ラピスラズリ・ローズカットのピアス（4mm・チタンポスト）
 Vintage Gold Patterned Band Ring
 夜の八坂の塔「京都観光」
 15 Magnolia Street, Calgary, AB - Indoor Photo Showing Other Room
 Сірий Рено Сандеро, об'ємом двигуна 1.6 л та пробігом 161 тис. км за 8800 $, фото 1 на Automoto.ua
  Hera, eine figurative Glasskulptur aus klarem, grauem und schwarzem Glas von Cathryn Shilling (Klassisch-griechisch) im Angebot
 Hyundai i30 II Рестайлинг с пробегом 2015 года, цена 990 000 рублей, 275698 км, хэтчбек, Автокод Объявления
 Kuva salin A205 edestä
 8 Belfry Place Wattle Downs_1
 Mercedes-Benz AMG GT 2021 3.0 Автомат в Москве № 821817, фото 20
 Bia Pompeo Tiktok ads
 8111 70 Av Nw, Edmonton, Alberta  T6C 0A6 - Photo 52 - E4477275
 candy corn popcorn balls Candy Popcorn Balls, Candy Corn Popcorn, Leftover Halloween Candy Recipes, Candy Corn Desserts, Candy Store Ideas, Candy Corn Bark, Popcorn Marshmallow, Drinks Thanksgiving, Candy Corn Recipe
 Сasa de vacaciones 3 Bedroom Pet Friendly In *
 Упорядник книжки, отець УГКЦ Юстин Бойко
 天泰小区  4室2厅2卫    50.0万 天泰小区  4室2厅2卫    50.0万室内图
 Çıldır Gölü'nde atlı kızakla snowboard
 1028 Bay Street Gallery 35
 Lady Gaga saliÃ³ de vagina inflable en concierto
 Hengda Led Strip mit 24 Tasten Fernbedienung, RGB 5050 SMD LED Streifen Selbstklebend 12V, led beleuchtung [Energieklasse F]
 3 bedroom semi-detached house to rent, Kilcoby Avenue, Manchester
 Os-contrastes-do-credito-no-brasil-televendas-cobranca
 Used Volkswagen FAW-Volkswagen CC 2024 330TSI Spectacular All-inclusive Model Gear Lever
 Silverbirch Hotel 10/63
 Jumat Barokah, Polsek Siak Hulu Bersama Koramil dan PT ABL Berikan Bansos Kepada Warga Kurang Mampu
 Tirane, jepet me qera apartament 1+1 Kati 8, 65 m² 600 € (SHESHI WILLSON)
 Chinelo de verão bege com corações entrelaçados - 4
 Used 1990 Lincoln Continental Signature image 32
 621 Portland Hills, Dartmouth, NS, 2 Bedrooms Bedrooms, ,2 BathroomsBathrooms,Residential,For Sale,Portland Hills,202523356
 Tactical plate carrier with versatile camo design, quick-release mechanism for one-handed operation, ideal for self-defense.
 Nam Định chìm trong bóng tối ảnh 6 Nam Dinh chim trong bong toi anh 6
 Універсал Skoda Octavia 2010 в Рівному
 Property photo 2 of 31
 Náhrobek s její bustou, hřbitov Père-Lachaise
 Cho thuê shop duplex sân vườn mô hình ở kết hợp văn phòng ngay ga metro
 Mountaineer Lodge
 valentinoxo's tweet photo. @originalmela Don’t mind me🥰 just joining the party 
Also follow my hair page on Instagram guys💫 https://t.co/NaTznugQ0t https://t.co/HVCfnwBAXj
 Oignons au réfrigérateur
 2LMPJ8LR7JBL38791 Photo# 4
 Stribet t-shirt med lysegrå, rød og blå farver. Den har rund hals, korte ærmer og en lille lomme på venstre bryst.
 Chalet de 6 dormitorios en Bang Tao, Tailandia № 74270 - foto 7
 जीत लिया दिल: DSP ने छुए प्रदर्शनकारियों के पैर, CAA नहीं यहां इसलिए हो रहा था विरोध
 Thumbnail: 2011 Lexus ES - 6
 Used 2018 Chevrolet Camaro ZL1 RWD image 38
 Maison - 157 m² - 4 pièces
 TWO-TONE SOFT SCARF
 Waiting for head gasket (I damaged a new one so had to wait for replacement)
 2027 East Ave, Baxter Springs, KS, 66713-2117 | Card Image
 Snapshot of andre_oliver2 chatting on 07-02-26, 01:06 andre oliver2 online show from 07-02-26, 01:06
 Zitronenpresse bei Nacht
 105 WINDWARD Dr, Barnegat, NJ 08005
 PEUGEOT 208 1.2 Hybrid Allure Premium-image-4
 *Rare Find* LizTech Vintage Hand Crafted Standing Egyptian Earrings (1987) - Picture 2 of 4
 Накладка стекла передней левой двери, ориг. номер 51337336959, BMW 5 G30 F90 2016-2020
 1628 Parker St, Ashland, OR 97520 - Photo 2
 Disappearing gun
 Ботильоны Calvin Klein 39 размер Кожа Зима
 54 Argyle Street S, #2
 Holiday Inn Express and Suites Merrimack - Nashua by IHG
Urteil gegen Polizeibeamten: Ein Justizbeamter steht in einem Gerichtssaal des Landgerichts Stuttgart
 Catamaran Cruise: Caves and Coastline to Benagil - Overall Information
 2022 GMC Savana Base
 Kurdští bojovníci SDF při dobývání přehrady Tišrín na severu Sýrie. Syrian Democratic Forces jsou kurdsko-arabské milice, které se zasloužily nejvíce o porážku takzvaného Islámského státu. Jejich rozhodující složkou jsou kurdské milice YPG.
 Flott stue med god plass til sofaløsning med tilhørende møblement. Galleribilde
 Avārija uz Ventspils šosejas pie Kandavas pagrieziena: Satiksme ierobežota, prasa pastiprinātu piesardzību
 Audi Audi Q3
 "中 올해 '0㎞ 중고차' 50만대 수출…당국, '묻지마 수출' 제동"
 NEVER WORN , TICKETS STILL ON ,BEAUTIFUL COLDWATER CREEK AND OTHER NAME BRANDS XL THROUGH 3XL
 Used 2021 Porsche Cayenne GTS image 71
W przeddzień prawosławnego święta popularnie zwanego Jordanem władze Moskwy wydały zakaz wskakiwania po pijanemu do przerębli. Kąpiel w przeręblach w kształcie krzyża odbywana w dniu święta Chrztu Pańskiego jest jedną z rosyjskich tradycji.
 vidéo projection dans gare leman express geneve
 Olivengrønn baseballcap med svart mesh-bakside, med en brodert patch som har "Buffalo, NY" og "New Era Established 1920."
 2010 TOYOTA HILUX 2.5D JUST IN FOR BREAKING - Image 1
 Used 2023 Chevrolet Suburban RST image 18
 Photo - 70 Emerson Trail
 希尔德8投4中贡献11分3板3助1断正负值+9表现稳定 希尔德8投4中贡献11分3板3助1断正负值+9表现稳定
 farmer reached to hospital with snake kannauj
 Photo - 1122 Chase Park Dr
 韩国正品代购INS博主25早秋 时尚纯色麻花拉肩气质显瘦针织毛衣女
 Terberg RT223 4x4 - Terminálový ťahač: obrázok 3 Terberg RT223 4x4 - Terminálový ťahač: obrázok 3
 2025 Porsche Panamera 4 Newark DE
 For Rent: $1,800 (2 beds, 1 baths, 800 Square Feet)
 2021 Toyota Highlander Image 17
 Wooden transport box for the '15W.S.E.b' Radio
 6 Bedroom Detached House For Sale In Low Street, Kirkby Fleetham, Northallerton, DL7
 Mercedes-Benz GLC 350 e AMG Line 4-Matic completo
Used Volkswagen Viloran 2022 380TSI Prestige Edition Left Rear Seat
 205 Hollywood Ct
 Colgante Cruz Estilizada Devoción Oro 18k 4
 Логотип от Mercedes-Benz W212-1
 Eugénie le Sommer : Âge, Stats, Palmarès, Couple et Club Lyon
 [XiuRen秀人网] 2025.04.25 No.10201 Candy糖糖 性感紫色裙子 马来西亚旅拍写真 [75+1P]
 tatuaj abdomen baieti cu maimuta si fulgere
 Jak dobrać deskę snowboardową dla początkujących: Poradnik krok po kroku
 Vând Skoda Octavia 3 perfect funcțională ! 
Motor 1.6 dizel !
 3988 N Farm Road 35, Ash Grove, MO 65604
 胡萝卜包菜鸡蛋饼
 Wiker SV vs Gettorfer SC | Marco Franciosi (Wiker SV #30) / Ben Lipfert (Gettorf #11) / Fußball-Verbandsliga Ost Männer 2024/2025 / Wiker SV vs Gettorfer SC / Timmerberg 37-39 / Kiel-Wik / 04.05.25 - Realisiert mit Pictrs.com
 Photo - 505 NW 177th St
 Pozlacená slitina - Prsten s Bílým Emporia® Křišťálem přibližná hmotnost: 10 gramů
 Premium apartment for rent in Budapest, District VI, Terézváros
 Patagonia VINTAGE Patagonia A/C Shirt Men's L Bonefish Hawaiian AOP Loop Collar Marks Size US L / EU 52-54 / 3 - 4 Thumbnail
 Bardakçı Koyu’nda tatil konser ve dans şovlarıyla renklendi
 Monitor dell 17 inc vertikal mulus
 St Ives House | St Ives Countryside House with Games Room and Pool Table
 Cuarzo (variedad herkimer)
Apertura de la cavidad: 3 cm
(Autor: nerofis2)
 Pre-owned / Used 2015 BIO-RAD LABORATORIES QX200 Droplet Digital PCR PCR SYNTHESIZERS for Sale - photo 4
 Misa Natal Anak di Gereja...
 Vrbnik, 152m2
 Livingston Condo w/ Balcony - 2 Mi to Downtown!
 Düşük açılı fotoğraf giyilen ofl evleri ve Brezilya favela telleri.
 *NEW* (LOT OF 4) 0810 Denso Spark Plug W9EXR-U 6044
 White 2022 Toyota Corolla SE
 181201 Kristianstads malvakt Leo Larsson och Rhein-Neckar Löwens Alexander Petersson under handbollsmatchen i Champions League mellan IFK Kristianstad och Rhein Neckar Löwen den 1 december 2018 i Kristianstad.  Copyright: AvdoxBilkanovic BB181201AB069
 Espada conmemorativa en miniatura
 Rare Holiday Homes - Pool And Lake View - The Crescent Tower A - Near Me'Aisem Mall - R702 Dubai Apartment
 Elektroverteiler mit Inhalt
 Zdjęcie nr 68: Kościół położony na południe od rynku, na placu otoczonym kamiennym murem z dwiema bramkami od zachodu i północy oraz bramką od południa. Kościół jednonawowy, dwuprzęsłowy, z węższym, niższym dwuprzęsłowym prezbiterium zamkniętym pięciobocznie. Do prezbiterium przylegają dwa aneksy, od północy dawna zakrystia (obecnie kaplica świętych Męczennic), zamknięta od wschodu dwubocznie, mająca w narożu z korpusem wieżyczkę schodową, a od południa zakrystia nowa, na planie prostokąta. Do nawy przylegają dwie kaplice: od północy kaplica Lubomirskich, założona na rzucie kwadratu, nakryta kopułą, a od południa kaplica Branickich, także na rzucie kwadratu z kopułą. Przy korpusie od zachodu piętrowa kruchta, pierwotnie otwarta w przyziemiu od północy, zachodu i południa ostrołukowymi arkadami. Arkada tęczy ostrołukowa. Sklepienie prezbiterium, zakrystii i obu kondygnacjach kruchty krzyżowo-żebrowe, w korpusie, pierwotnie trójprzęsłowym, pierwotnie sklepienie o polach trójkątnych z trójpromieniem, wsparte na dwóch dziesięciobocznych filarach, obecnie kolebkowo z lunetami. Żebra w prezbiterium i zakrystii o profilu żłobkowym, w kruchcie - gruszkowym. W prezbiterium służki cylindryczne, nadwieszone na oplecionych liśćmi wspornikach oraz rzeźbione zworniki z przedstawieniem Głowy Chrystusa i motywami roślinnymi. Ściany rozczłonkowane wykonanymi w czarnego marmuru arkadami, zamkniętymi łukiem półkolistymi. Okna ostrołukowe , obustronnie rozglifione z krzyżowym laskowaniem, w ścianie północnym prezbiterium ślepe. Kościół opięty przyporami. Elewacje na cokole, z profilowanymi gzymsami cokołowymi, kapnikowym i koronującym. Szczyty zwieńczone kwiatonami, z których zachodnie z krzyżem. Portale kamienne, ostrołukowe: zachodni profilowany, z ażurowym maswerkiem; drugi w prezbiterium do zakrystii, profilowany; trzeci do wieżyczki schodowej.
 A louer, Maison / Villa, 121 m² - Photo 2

★ ★ ★

Work required = When the word "Thumbnail" shows up in a line of the entries, pull that line out.

Completed exercise =
 Thumbnail: 2011 Lexus ES - 6
 Patagonia VINTAGE Patagonia A/C Shirt Men's L Bonefish Hawaiian AOP Loop Collar Marks Size US L / EU 52-54 / 3 - 4 Thumbnail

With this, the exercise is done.